More than 3,500 economists, including more than two dozen Nobel laureates, have signed a statement calling for “immediate national action” to address global climate change and declaring that “a carbon tax offers the most cost-effective lever to reduce carbon emissions at the scale and speed that is necessary.” The formula they propose—a “robust and gradually rising carbon tax” to harness the “invisible hand of the marketplace to steer economic actors towards a low-carbon future,” combined with equal lump-sum rebates of the revenue to every individual—is embodied in H. R. 763, the Energy Innovation and Carbon Dividend Act. It would levy an initial tax of $15 per ton of carbon dioxide on fossil fuel providers, rising every year by $10 a ton until emissions have been reduced 90 percent below 2016 levels. It would also tax emissions of other greenhouse gases commonly used as refrigerants.

How can economists and other experts be so confident in the ability of such taxes to slash greenhouse gas emissions? The answer, in a word, is experience.
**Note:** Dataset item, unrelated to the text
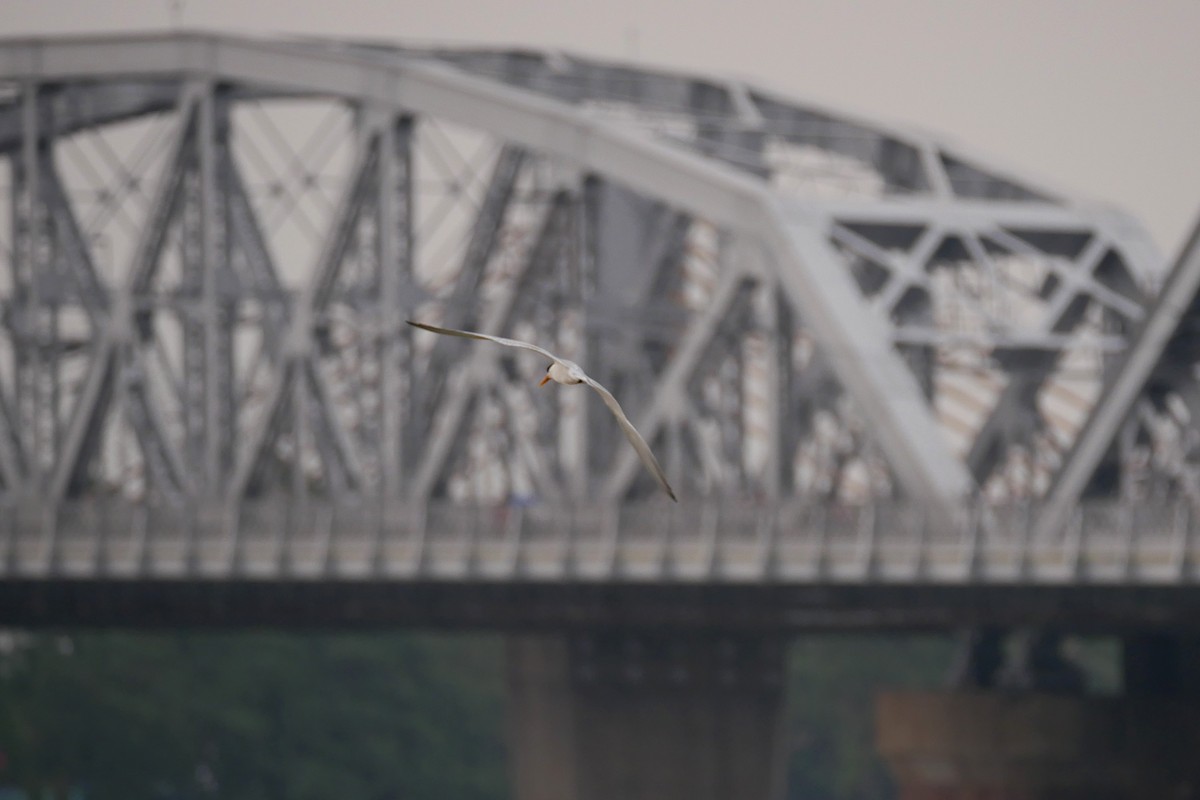 Lesser Crested Tern - ML238486641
The first kind of experience relates to the observed way that people for thousands of years have reacted to changes in prices. Simply put, purchases of most goods, most of the time, fall when their prices go up relative to possible substitutes. In market economies, producers adjust to follow (or even anticipate) such shifts in consumption. Based on millions of historical data points in hundreds of industries, economists have built models to predict how quantities of goods and services will react to policy changes. The best current economic models all agree that raising taxes on fossil fuels, while returning revenues to individuals by various means, will powerfully cut consumption of these climate-disrupting sources of energy. For example, a fee of $50 per ton of CO2, rising at 5% per year, could slash greenhouse gas emissions more than 40% below 2005 levels by 2030, according to the Stanford Energy Modeling Forum. (1) The bipartisan Energy Innovation and Carbon Dividend Act, with its lower starting point ($15/ton) but steeper ramp ($10/year), would likely slash emissions at least as much. (2)

Real-world experience with carbon taxes

If you don’t trust the models, consider the second kind of experience: the actual trajectory of emissions in several jurisdictions that have imposed carbon taxes. The examples discussed here represent some of the few jurisdictions that have levied relatively high tax levels on fossil fuels, covering major sectors of their economies, for a period of at least several years. (3)

  1. United Kingdom

In 2001, the UK imposed a Climate Change Levy on fossil fuel use by some manufacturing plants, ranging from £16 to £30 per ton of carbon. Affected plants cut their electricity use by an average of 23 percent. (4)

In 2013, the UK introduced a broader Carbon Price Floor on fossil fuels at a rate of about $23/ton of carbon dioxide-equivalent (tCO2e). Although it covers only 23 percent of emissions, by 2017 the UK’s total CO2 emissions were 38 percent below 1990 levels and as low as emissions were back in 1890. (5)

  • Electricity generation from coal fell by four-fifths from 2012, before the tax was imposed, to 2016. (6) See graph below.
  • A 2018 report by academics at Imperial College London and consultants from E4tech, declared, “The UK’s carbon price . . . has led to rapid deployment of renewables and the fastest phase out of coal power, making for world-leading progress in reducing the carbon emissions from power generation. . . Uptake of electric vehicles is also among the highest in the UK, which is home to the world’s 5thlargest electric vehicle fleet.” (7)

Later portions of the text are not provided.